Jenny McMahon gave a schematic argument connecting Kantian 'purposiveness without purpose' to those cognitive functions that escape logic, rationality, and language. She drew attention to functions that relate to the ineffable – to our notions of freedom, infinity, and immortality. The dichotomy central to her argument is not that between arts embodied in language and visual arts, but rather that more elusive distinction between form and content that is drawn in all the arts. Hence the functions at issue here are not necessarily more closely connected to visual awareness, yet on McMahon's account they may relate to motivations that are vital, and which thereby might be thought to serve an adaptive function. McMahon's paper offered more detail and more argument than any audience could absorb, but there were plenty of ideas to spark questions from the audience.

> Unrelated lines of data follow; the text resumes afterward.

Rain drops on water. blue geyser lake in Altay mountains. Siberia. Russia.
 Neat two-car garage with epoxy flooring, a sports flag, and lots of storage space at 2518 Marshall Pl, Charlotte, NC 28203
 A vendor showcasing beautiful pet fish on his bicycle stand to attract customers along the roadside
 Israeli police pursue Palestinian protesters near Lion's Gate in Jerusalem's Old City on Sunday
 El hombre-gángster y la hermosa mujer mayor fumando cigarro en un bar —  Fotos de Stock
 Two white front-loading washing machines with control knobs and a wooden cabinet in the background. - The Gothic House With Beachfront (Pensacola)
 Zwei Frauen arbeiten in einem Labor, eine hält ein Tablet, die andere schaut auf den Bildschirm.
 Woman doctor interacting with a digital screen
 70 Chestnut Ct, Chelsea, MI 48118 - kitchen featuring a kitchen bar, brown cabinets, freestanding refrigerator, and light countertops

While aesthetic qualities may have been variously conceived and defended as fundamental to the arts in the papers on offer, it was just this common ground that Donald Brook was intent on calling into question. For a long time now Brook has been arguing the need to distinguish 'real art' from 'art conventionally so-called'. In the context of this symposium he offered a relevant application of this distinction. Real art is the discovery of previously unknown ways of 'acting with deliberation', and the 'inscrutable world' is the ultimate source of all these 'undisclosed contingencies'. However, since even the most objective attributions of beauty entail a favourable judgement, we had better not limit our concerns only to ways in which the world meets with our approval. Just as we can freely pursue our interests after disinterested scientific inquiry has delivered knowledge to us, so too might we actively pursue our best interests once art has disclosed some previously unknown way of 'acting with deliberation.' Art understood in this way as 'revelation' ranges with indifference beyond both our subjective predilections and our institutionalised practices.

In one notable respect the symposium failed to fulfil its professed interdisciplinary nature. Although it was conceived as a response to recent developments in neuroscience and evolutionary theory that are the source of 'bio-aesthetics' and possible 'new ways of writing world art history,' not even one scientist was recruited as a participant in the symposium.